▸ **Problem statement**: All of the data must be retyped exactly, with nothing left out.

§ §

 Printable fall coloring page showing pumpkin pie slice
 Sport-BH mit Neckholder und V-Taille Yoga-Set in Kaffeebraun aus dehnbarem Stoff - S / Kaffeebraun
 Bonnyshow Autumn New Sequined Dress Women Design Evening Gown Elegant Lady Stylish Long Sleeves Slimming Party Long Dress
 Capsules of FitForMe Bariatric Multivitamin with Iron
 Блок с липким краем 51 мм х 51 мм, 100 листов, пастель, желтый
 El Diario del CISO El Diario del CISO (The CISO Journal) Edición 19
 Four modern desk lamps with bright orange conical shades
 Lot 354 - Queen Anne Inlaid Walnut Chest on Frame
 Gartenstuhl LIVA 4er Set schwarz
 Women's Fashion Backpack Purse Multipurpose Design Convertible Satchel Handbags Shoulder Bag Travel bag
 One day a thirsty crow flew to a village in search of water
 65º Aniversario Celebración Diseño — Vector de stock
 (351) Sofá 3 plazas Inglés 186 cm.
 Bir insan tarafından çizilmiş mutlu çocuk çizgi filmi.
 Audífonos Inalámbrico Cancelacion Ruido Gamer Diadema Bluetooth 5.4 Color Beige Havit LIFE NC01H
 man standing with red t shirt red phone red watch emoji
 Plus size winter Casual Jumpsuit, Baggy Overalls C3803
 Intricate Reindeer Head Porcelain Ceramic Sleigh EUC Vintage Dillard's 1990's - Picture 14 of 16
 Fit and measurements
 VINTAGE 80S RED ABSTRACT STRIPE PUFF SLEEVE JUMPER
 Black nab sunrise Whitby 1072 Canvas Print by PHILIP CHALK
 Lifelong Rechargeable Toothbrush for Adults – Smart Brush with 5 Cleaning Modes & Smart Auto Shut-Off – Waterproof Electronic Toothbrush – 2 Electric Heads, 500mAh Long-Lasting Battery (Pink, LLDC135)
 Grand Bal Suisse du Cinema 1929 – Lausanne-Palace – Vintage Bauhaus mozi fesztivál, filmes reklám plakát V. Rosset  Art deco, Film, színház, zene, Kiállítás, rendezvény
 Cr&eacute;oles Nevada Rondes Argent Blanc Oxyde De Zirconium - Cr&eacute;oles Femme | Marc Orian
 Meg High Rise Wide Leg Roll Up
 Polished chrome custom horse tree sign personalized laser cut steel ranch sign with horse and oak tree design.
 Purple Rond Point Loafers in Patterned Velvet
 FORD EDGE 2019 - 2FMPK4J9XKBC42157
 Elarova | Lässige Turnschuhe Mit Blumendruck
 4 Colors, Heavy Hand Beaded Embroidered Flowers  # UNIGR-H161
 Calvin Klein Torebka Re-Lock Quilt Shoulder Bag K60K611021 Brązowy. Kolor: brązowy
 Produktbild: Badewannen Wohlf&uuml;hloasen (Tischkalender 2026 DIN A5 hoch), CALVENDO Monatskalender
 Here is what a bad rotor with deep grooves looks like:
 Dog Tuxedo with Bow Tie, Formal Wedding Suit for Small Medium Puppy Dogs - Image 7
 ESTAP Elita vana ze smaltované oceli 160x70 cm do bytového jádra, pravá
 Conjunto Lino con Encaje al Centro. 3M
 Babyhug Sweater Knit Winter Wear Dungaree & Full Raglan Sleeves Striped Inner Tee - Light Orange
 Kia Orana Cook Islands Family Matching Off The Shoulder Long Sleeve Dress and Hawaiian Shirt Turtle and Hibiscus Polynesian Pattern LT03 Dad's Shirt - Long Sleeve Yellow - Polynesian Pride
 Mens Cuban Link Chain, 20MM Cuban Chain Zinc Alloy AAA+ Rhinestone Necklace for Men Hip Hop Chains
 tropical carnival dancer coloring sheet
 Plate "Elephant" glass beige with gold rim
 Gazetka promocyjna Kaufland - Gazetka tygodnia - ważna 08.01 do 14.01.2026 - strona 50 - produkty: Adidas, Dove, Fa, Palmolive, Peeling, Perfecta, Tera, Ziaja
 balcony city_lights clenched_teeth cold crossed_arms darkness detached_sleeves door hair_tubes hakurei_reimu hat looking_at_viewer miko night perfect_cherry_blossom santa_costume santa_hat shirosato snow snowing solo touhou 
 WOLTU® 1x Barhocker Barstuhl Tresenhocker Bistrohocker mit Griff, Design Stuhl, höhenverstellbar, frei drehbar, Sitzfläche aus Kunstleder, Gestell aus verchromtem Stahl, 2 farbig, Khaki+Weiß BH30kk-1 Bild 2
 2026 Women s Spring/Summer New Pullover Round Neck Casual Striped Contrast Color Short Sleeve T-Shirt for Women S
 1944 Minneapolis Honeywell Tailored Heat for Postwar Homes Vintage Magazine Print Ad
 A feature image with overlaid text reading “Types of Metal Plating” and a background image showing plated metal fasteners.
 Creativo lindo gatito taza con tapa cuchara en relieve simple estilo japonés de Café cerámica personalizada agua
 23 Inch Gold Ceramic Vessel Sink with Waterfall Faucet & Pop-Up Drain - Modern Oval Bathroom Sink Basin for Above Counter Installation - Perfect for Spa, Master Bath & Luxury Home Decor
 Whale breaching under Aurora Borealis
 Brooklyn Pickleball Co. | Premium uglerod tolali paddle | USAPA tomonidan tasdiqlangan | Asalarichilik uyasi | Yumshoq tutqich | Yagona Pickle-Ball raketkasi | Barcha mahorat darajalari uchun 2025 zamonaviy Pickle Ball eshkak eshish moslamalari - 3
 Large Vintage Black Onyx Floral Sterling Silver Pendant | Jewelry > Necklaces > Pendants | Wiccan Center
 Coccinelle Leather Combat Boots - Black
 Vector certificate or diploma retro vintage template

§ §

▸ **Reply**:
 Printable fall coloring page showing pumpkin pie slice
 Sport-BH mit Neckholder und V-Taille Yoga-Set in Kaffeebraun aus dehnbarem Stoff - S / Kaffeebraun
 Bonnyshow Autumn New Sequined Dress Women Design Evening Gown Elegant Lady Stylish Long Sleeves Slimming Party Long Dress
 Capsules of FitForMe Bariatric Multivitamin with Iron
 Блок с липким краем 51 мм х 51 мм, 100 листов, пастель, желтый
 El Diario del CISO El Diario del CISO (The CISO Journal) Edición 19
 Four modern desk lamps with bright orange conical shades
 Lot 354 - Queen Anne Inlaid Walnut Chest on Frame
 Gartenstuhl LIVA 4er Set schwarz
 Women's Fashion Backpack Purse Multipurpose Design Convertible Satchel Handbags Shoulder Bag Travel bag
 One day a thirsty crow flew to a village in search of water
 65º Aniversario Celebración Diseño — Vector de stock
 (351) Sofá 3 plazas Inglés 186 cm.
 Bir insan tarafından çizilmiş mutlu çocuk çizgi filmi.
 Audífonos Inalámbrico Cancelacion Ruido Gamer Diadema Bluetooth 5.4 Color Beige Havit LIFE NC01H
 man standing with red t shirt red phone red watch emoji
 Plus size winter Casual Jumpsuit, Baggy Overalls C3803
 Intricate Reindeer Head Porcelain Ceramic Sleigh EUC Vintage Dillard's 1990's - Picture 14 of 16
 Fit and measurements
 VINTAGE 80S RED ABSTRACT STRIPE PUFF SLEEVE JUMPER
 Black nab sunrise Whitby 1072 Canvas Print by PHILIP CHALK
 Lifelong Rechargeable Toothbrush for Adults – Smart Brush with 5 Cleaning Modes & Smart Auto Shut-Off – Waterproof Electronic Toothbrush – 2 Electric Heads, 500mAh Long-Lasting Battery (Pink, LLDC135)
 Grand Bal Suisse du Cinema 1929 – Lausanne-Palace – Vintage Bauhaus mozi fesztivál, filmes reklám plakát V. Rosset  Art deco, Film, színház, zene, Kiállítás, rendezvény
 Cr&eacute;oles Nevada Rondes Argent Blanc Oxyde De Zirconium - Cr&eacute;oles Femme | Marc Orian
 Meg High Rise Wide Leg Roll Up
 Polished chrome custom horse tree sign personalized laser cut steel ranch sign with horse and oak tree design.
 Purple Rond Point Loafers in Patterned Velvet
 FORD EDGE 2019 - 2FMPK4J9XKBC42157
 Elarova | Lässige Turnschuhe Mit Blumendruck
 4 Colors, Heavy Hand Beaded Embroidered Flowers  # UNIGR-H161
 Calvin Klein Torebka Re-Lock Quilt Shoulder Bag K60K611021 Brązowy. Kolor: brązowy
 Produktbild: Badewannen Wohlf&uuml;hloasen (Tischkalender 2026 DIN A5 hoch), CALVENDO Monatskalender
 Here is what a bad rotor with deep grooves looks like:
 Dog Tuxedo with Bow Tie, Formal Wedding Suit for Small Medium Puppy Dogs - Image 7
 ESTAP Elita vana ze smaltované oceli 160x70 cm do bytového jádra, pravá
 Conjunto Lino con Encaje al Centro. 3M
 Babyhug Sweater Knit Winter Wear Dungaree & Full Raglan Sleeves Striped Inner Tee - Light Orange
 Kia Orana Cook Islands Family Matching Off The Shoulder Long Sleeve Dress and Hawaiian Shirt Turtle and Hibiscus Polynesian Pattern LT03 Dad's Shirt - Long Sleeve Yellow - Polynesian Pride
 Mens Cuban Link Chain, 20MM Cuban Chain Zinc Alloy AAA+ Rhinestone Necklace for Men Hip Hop Chains
 tropical carnival dancer coloring sheet
 Plate "Elephant" glass beige with gold rim
 Gazetka promocyjna Kaufland - Gazetka tygodnia - ważna 08.01 do 14.01.2026 - strona 50 - produkty: Adidas, Dove, Fa, Palmolive, Peeling, Perfecta, Tera, Ziaja
 balcony city_lights clenched_teeth cold crossed_arms darkness detached_sleeves door hair_tubes hakurei_reimu hat looking_at_viewer miko night perfect_cherry_blossom santa_costume santa_hat shirosato snow snowing solo touhou 
 WOLTU® 1x Barhocker Barstuhl Tresenhocker Bistrohocker mit Griff, Design Stuhl, höhenverstellbar, frei drehbar, Sitzfläche aus Kunstleder, Gestell aus verchromtem Stahl, 2 farbig, Khaki+Weiß BH30kk-1 Bild 2
 2026 Women s Spring/Summer New Pullover Round Neck Casual Striped Contrast Color Short Sleeve T-Shirt for Women S
 1944 Minneapolis Honeywell Tailored Heat for Postwar Homes Vintage Magazine Print Ad
 A feature image with overlaid text reading “Types of Metal Plating” and a background image showing plated metal fasteners.
 Creativo lindo gatito taza con tapa cuchara en relieve simple estilo japonés de Café cerámica personalizada agua
 23 Inch Gold Ceramic Vessel Sink with Waterfall Faucet & Pop-Up Drain - Modern Oval Bathroom Sink Basin for Above Counter Installation - Perfect for Spa, Master Bath & Luxury Home Decor
 Whale breaching under Aurora Borealis
 Brooklyn Pickleball Co. | Premium uglerod tolali paddle | USAPA tomonidan tasdiqlangan | Asalarichilik uyasi | Yumshoq tutqich | Yagona Pickle-Ball raketkasi | Barcha mahorat darajalari uchun 2025 zamonaviy Pickle Ball eshkak eshish moslamalari - 3
 Large Vintage Black Onyx Floral Sterling Silver Pendant | Jewelry > Necklaces > Pendants | Wiccan Center
 Coccinelle Leather Combat Boots - Black
 Vector certificate or diploma retro vintage template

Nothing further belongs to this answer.